Bruce Edward Sansom (born September 1963) is a British former ballet dancer, and assistant artistic director and ballet master at San Francisco Ballet.

Bruce Sansom was born in September 1963 in Newbury, trained at the Royal Ballet School, and joined the Royal Ballet in 1982, following performances as Colas in La Fille mal gardée at the Royal Ballet School's Annual Performance in 1981, and a solo in Here We Come in 1982.
He became a principal dancer in 1987. He retired from dancing in 2000.

In his early years with the Royal Ballet Sansom danced small roles such as a cavalier in The Sleeping Beauty, a cast member in Dances of Albion: Dark Night Glad Day and Voluntaries, a Mountaineer in Façade, Sailor Boy in Enigma Variations, Mandolin Dance in Romeo and Juliet and a soldier in the premiere of Different Drummer.
He then progressed to more prominent roles such as Colas in La Fille mal gardée, Oberon in The Dream and a cast member in Symphonic Variations as well as participating in the premieres of Number Three, Half the House and Galanteries.

From 1990 Sansom expanded his repertoire with principal roles in Gloria, Song of the Earth (The Messenger of Death), The Nutcracker (The Prince), Manon (Des Grieux), A Month in the Country (Beliaev) and the Princes in Swan Lake and Cinderella.
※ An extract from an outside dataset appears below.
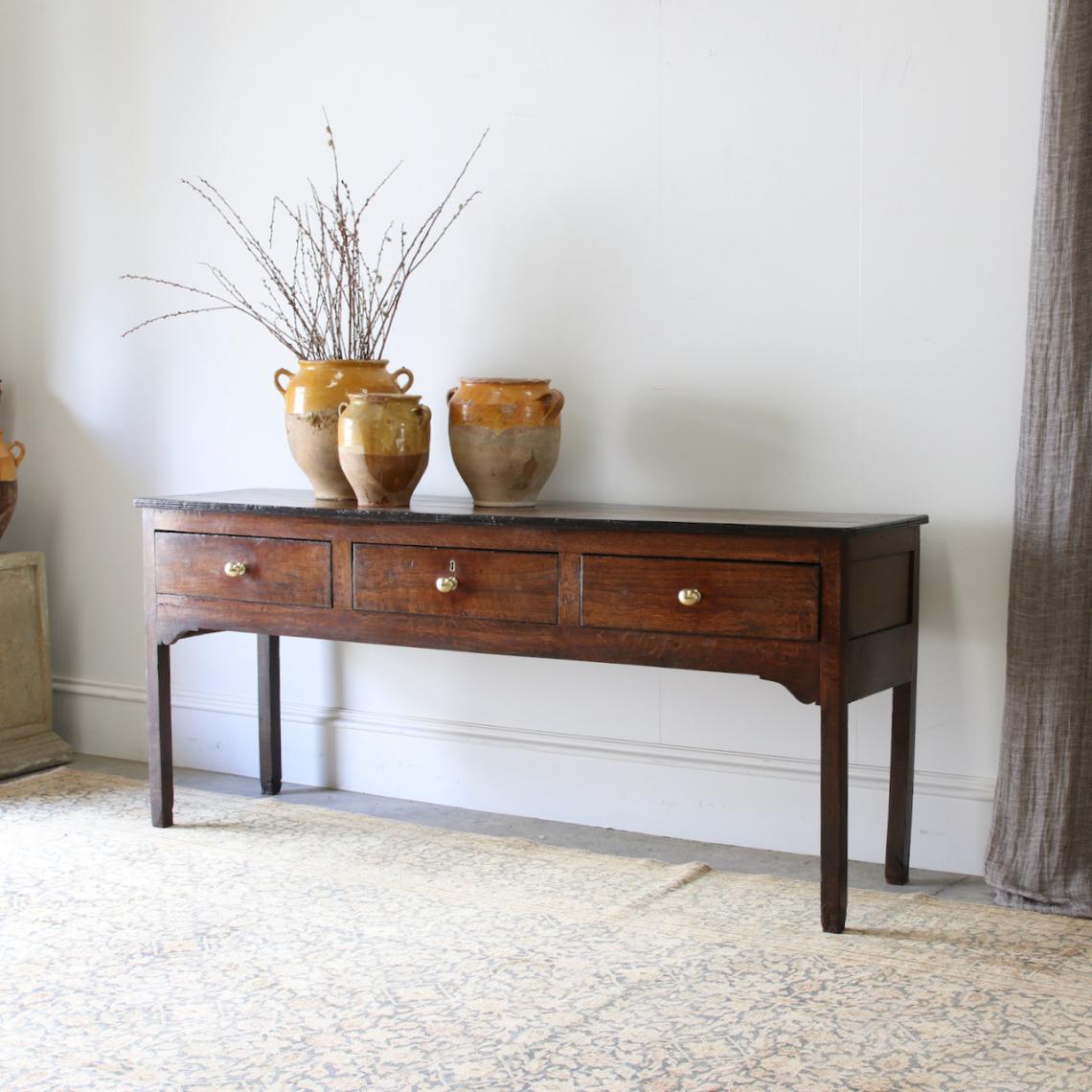 Three Drawer Side Table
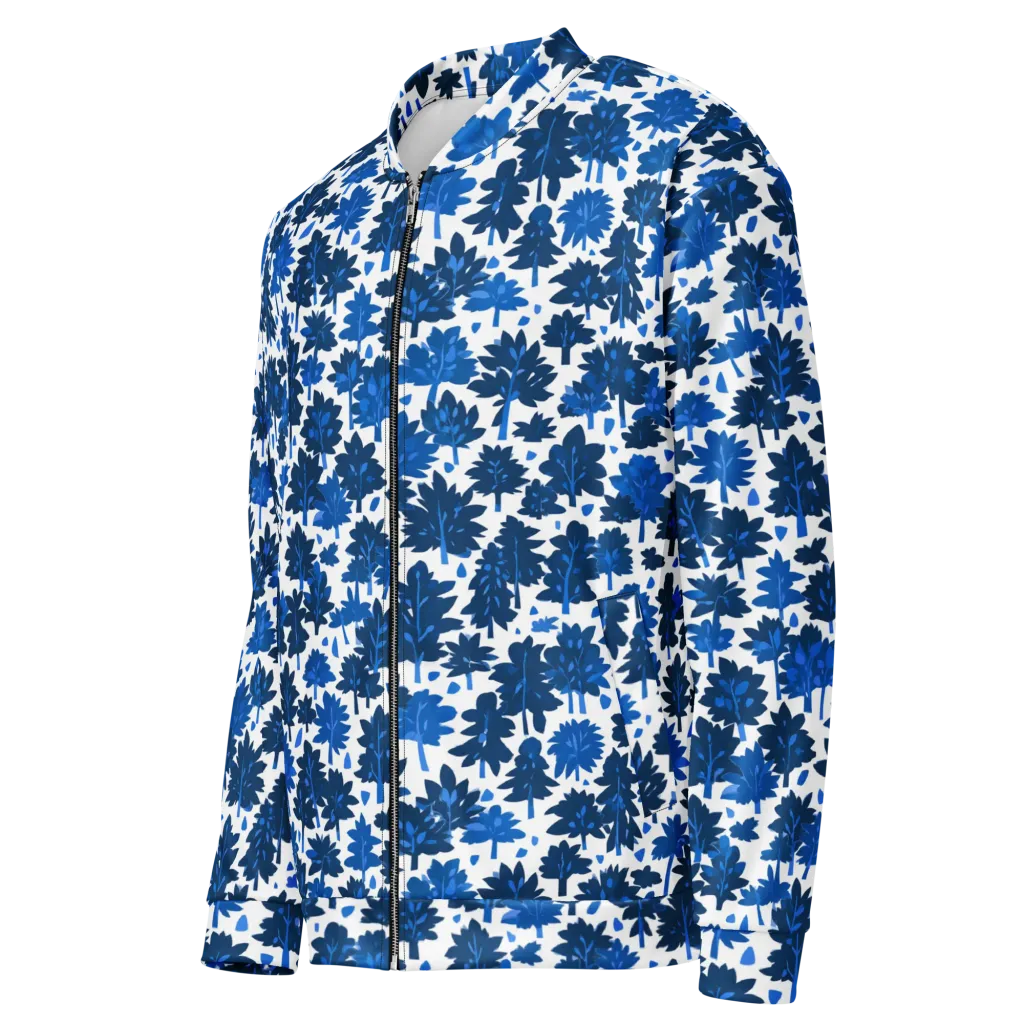 Bluewood Scatter on Bomber Jacket — Left Front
He created further roles in Bloodlines, The Planets, Cyrano (Christian), Tombeaux, Tidelines, The Turn of the Screw (Miss Jessel), A Stranger's Taste (Dancer) and There Where She Loves (Five songs). His final performance was his first as Lescaut in Manon, on 25 July 2000.

In May 2000 Sansom took Nijinsky's old role in a reconstruction at the Royal Opera House of the original Jeux.

He retired, after 16 years with the Royal Ballet company, described at the time as "the company's most classical dancer... always reliable, always committed to his roles, he had a wider range than might be expected, taking the leads in almost all the old classics and in many ballets by Ashton, MacMillan, Bintley, Balanchine and Tetley. No fewer than a dozen choreographers picked him to create new roles."

In 2006, he was appointed as director of London's Central School of Ballet, but after three and a half years in post, returned in July 2009 to San Francisco Ballet as Ballet Master and Assistant to the Artistic Director.

On film he may be seen in a Gala for Tchaikovsky (Anastasia: Pas de deux), Still life at the Penguin Café (Texan Kangeroo Rat) and The Prince of the Pagodas (The King of the East). He also appeared in the 1985 television broadcast of The Nutcracker, and the television programme Bintley's Mozart (the ballet Galanteries) in 1987, both on the BBC.